Thermal and physicochemical properties of rice grain, flour and starch.

National Food Research Institute, Kannondai 2-1-2, Tsukuba, 305-8642 Japan.
Journal of Agricultural and Food Chemistry (Impact Factor: 3.11). 08/2000; 48(7):2639-47.
Source: PubMed

ABSTRACT Three types of rices, namely, Thailand rice (Indica), Nipponbare (Japonica), and Himenomochi (Japonica waxy), in grain, flour, and starch forms have been studied for their thermal and physicochemical properties. In grain form, Indica was slender and Japonica rices were bold and thick. Indica had the highest protein and amylose equivalent. Protein contents in isolated starches varied from 0.2 to 0.9%. Cooked Indica grain was hardest and waxy rice was softest; stickiness was highest in Japonica rice. Glass transition temperature (T(g)) was highest in Indica rice flour (approximately 222 degrees C) and almost the same in Japonica rice flours.
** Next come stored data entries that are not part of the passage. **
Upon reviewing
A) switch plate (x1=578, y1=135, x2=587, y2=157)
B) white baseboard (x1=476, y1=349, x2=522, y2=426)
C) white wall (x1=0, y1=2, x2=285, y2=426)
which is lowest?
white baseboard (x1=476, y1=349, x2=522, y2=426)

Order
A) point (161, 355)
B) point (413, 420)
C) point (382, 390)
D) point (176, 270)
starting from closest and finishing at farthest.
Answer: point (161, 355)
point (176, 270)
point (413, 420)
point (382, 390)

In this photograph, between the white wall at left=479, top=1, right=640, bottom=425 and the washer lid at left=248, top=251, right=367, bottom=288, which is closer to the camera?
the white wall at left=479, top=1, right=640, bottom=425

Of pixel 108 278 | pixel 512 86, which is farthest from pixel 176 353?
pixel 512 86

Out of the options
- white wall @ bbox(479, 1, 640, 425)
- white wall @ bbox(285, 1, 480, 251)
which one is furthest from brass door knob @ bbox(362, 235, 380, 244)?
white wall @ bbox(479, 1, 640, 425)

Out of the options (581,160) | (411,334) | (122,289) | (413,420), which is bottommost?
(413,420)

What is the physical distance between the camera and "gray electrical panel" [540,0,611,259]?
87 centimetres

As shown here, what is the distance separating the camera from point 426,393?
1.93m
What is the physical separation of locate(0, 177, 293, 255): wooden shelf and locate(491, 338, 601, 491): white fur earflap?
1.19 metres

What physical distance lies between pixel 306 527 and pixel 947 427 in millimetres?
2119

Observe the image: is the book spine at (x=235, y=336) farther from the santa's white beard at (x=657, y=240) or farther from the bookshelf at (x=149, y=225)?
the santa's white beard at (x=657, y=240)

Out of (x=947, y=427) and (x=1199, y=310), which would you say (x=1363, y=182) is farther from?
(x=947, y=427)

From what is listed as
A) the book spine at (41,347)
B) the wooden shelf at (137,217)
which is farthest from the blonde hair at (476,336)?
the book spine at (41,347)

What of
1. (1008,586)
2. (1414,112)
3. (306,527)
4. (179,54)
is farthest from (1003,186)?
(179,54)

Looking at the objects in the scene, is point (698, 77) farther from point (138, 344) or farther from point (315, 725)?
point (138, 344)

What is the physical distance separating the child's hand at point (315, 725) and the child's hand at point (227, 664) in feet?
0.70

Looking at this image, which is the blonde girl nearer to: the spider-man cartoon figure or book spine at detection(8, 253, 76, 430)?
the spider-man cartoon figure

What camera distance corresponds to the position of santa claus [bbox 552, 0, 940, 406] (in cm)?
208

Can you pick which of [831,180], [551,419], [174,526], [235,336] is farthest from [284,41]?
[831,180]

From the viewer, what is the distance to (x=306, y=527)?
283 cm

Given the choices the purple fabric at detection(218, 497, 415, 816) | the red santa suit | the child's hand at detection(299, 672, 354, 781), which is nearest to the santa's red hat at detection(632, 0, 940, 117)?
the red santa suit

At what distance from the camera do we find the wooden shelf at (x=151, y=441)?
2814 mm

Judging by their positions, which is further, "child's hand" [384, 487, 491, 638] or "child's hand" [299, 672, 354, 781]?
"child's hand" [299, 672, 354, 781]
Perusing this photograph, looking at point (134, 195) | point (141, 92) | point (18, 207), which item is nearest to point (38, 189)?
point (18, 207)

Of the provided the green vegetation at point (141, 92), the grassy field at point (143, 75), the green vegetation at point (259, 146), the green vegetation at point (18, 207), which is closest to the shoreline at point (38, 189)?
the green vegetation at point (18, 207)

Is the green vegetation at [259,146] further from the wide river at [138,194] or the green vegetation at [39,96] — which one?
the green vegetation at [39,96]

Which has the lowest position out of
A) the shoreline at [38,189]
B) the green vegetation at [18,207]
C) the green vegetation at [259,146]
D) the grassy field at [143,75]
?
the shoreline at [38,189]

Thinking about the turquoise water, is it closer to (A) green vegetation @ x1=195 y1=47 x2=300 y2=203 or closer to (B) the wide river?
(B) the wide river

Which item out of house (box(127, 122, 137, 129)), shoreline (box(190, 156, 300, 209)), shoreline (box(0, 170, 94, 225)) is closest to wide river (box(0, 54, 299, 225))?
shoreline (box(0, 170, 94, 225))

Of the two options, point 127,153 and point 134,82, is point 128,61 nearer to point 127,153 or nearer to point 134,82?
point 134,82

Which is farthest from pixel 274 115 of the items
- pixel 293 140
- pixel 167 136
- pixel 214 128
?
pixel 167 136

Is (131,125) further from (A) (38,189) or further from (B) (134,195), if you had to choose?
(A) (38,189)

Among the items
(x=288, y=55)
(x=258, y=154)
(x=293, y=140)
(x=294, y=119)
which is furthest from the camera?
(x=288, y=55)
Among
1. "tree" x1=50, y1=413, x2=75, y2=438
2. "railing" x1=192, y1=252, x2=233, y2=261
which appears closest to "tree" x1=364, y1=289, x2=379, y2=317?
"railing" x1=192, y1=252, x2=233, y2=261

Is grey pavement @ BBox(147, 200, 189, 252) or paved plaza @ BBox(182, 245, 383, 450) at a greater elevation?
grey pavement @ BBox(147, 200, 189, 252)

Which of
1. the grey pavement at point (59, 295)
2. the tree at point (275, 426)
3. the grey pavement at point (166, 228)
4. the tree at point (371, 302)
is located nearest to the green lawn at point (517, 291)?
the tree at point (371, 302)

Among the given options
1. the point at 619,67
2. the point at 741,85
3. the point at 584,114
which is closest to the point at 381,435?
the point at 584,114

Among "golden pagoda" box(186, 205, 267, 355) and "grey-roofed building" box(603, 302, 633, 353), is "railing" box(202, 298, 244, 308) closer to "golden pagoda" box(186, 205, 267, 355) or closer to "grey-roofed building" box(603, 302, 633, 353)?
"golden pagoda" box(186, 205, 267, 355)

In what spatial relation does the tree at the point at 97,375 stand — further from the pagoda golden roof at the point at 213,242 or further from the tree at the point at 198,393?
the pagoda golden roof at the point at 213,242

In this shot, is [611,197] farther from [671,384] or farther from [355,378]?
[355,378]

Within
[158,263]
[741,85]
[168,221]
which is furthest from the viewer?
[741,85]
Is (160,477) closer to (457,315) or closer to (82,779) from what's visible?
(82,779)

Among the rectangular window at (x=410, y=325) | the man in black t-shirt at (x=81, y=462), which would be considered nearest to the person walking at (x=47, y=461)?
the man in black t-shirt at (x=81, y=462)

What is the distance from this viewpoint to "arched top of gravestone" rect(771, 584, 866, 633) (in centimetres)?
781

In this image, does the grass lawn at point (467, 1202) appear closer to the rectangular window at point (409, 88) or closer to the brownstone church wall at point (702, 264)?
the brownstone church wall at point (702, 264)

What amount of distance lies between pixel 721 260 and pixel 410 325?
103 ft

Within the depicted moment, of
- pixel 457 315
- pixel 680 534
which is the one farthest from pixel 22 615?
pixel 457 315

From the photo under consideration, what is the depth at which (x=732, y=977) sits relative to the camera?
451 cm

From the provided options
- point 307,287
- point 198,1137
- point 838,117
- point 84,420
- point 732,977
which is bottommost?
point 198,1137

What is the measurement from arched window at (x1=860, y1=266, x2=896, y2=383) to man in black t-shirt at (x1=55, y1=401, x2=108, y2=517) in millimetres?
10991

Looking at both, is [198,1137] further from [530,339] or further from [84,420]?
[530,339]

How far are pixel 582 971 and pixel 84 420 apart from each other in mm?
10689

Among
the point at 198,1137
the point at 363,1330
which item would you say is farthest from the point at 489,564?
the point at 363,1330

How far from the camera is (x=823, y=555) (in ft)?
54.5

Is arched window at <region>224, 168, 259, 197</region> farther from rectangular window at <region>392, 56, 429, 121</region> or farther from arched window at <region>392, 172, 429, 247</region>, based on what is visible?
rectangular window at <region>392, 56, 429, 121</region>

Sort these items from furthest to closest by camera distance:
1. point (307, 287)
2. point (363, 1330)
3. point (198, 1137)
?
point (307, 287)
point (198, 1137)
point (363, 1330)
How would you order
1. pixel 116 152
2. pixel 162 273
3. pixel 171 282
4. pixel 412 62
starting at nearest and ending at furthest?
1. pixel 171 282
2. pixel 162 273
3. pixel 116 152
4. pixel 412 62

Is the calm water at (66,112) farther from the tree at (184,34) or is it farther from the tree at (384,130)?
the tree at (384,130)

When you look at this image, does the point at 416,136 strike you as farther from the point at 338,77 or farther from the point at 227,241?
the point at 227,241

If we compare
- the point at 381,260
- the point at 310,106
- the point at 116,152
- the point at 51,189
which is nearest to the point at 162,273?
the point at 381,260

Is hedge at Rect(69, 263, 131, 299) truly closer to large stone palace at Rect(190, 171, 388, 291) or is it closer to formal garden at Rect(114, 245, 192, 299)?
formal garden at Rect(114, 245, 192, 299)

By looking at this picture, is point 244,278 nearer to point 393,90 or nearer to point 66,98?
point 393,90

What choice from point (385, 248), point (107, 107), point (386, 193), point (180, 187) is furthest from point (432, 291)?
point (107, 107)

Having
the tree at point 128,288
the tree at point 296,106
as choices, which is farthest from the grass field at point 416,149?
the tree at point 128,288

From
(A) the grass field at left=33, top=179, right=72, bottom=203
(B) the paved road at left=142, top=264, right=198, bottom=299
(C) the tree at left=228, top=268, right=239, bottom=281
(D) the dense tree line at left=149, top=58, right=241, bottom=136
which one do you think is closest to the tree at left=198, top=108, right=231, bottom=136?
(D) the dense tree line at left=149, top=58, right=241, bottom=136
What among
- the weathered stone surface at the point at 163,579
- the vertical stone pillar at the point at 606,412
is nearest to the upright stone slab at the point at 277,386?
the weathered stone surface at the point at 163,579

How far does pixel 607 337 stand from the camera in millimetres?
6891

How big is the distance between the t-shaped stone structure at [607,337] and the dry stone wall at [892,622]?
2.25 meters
Melting point was highest for Japonica (approximately 264 degrees C) and almost the same for Japonica waxy and Indica rice flours. T(g) values of starches were almost the same in Indica and Japonica waxy (approximately 237 degrees C); defatting caused reduction in this property in all of the starches. Highest melting point was shown by Indica starch (approximately 276 degrees C) and was almost the same for the other two starches. Protein and fats play a critical role in glass transition and melting points of rice flours and their respective starches. Viscosities of the cooked pastes of flour and starch during cooking in an RVA instrument and their gel and other properties have been discussed.